*Problem requirements*.
After locating the line with "Bronze Four Light" in the entries below, output it and each following line up to and including the line with "Saint Laurent Sl", exactly and without pictures.

*Recorded information*.
= Beginning of Section =
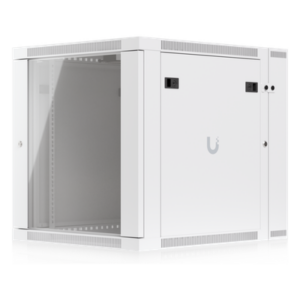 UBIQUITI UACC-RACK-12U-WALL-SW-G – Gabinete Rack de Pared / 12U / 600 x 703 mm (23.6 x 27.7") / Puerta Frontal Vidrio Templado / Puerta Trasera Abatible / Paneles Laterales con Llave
= End of Section =
= Beginning of Section =
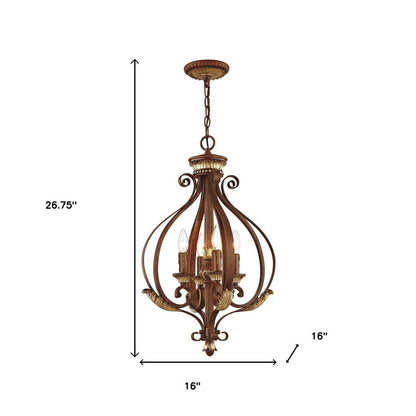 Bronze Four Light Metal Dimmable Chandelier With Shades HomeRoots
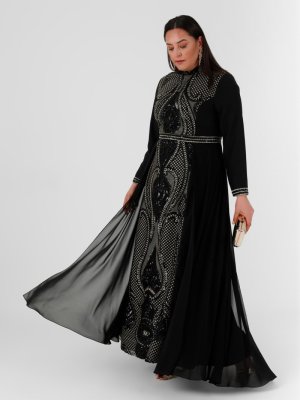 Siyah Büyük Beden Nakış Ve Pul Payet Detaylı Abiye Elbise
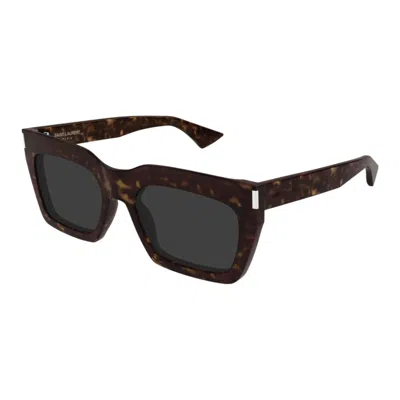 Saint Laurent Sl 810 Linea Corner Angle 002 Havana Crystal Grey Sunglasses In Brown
= End of Section =
= Beginning of Section =
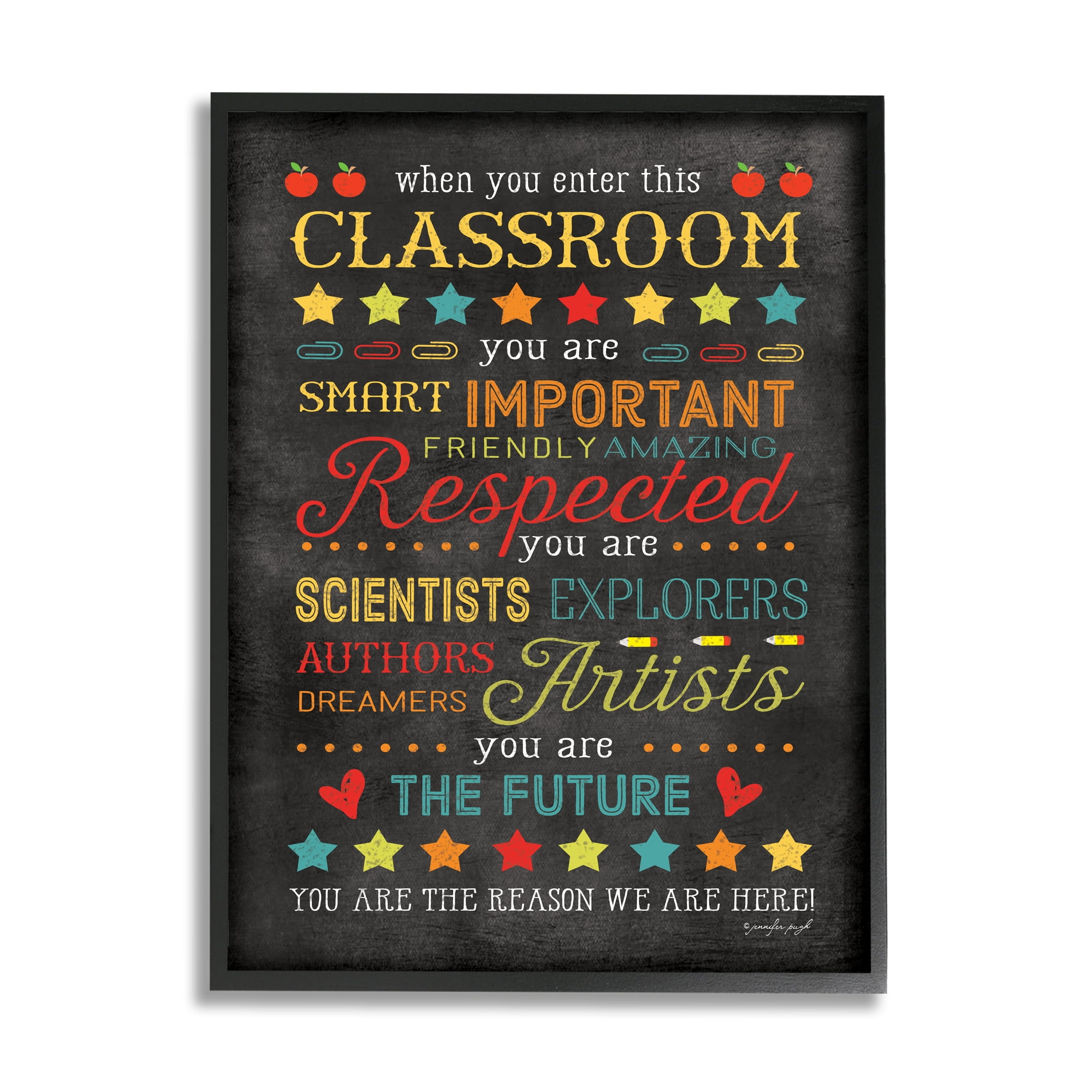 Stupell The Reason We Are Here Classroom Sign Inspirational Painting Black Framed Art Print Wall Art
= End of Section =
*Answer section*.
 Bronze Four Light Metal Dimmable Chandelier With Shades HomeRoots
 Siyah Büyük Beden Nakış Ve Pul Payet Detaylı Abiye Elbise
 Saint Laurent Sl 810 Linea Corner Angle 002 Havana Crystal Grey Sunglasses In Brown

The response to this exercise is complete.